Verified Adversarial Robustness: Lipschitz Certificates for Neural Networks in Lean 4
Abstract
Can we prove a neural network is safe? Adversarial examples — imperceptible input perturbations that cause misclassification — remain the most persistent failure mode of deep learning. Existing defenses rely on empirical testing, which cannot guarantee safety. Certification methods based on Lipschitz constants offer provable guarantees, but the mathematical chain from definition to certificate has never been formally verified.
We present the first Lean 4 verification of end-to-end adversarial robustness certificates for feedforward ReLU networks. The proof chain spans 22 files and 172 machine-checked declarations with zero sorry (no unproved assertions). The key results:
1. Network Lipschitz bound. For an \(L\)-layer ReLU network with weight matrices \(W_1, \ldots, W_L\), the Lipschitz constant satisfies \(\text{Lip}(f) \leq \prod_{\ell=1}^L \|W_\ell\|_{\text{op}}\).
2. Certified radius. For any input \(x\) with classification margin \(m(x) > 0\), every perturbation \(\delta\) with \(\|\delta\| < m(x) / (2 \cdot \text{Lip}(f))\) preserves the predicted class.
3. Tightness. The certified radius is exact for linear networks: the bound is achieved by the top singular vector.
4. Spectral improvement.
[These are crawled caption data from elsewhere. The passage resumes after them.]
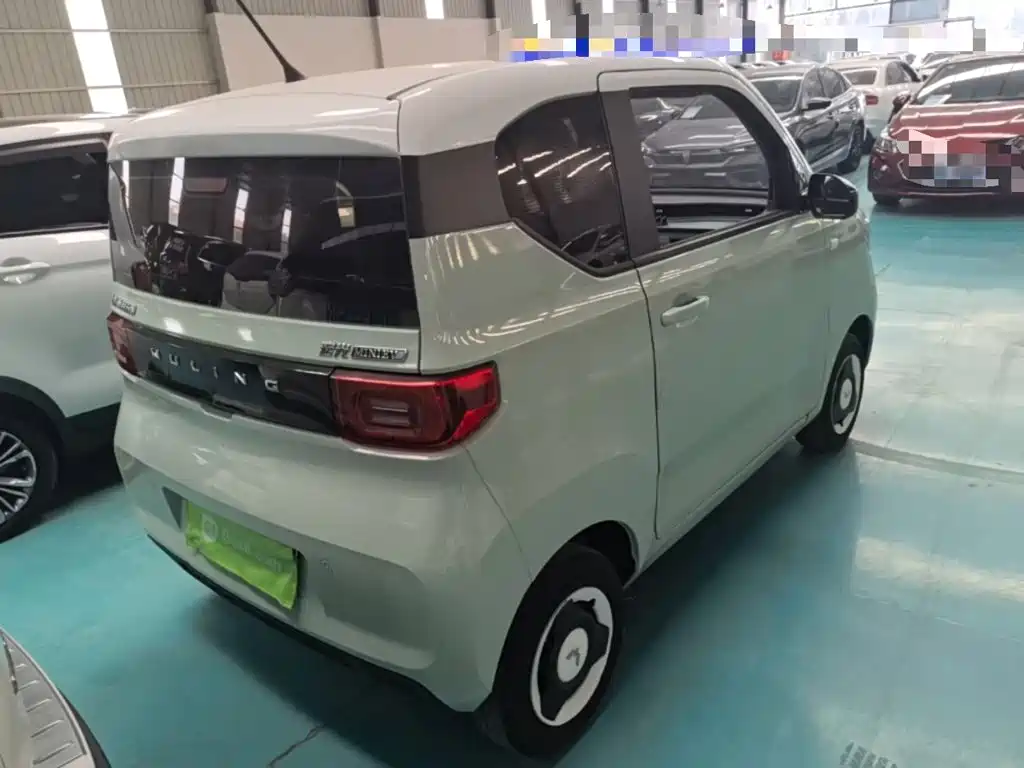 Wuling MINIEV — миниатюра 7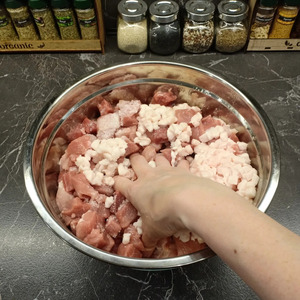 Пряная рубленая колбаса из свинины Пряная рубленая колбаса из свинины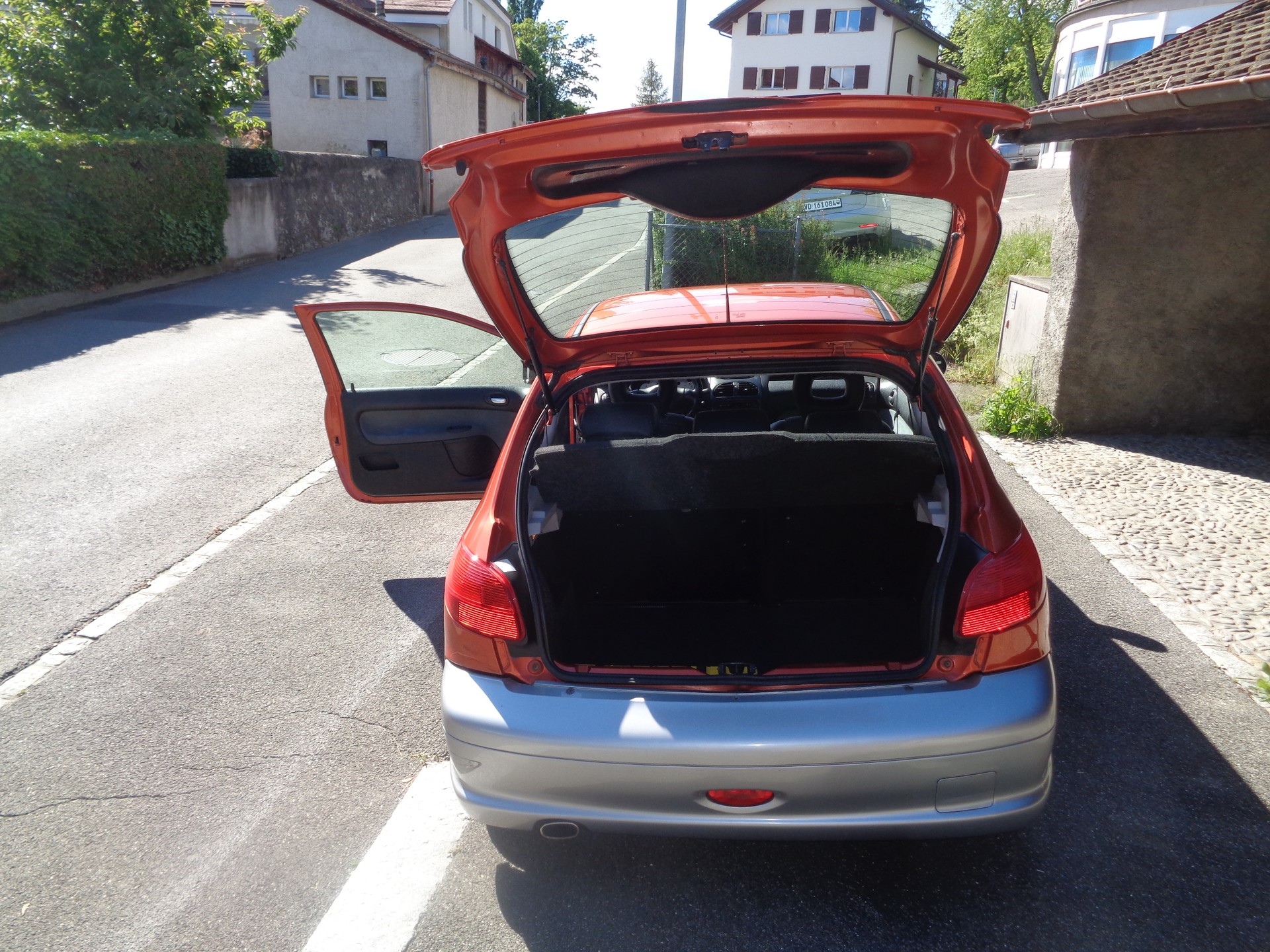 PEUGEOT 206 2.0 16V GTI-image-7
Replacing the spectral norm \(\|J\|_{\text{op}} = \sigma_{\max}\) with the effective Lipschitz constant \(L_{\text{eff}} = \|J\|_F / \sqrt{n}\) yields strictly tighter certificates, with improvement factor \(\sigma_{\max} \cdot \sqrt{n} / \|J\|_F \geq 1\), with equality if and only if the singular value spectrum is flat.
The spectral connection is the paper's unique contribution: the same eigenvalue conditioning that replaces Monte Carlo simulation for financial risk computation (Spectral Fenton) yields provably tighter adversarial certificates for neural networks. Both applications reduce to a single mathematical operation — projecting high-dimensional uncertainty onto its principal spectral components.
One-sentence summary: We provide the first machine-verified proof that neural networks can be certified adversarially robust, with a spectral bridge showing that eigenvalue conditioning from financial mathematics yields strictly tighter safety certificates.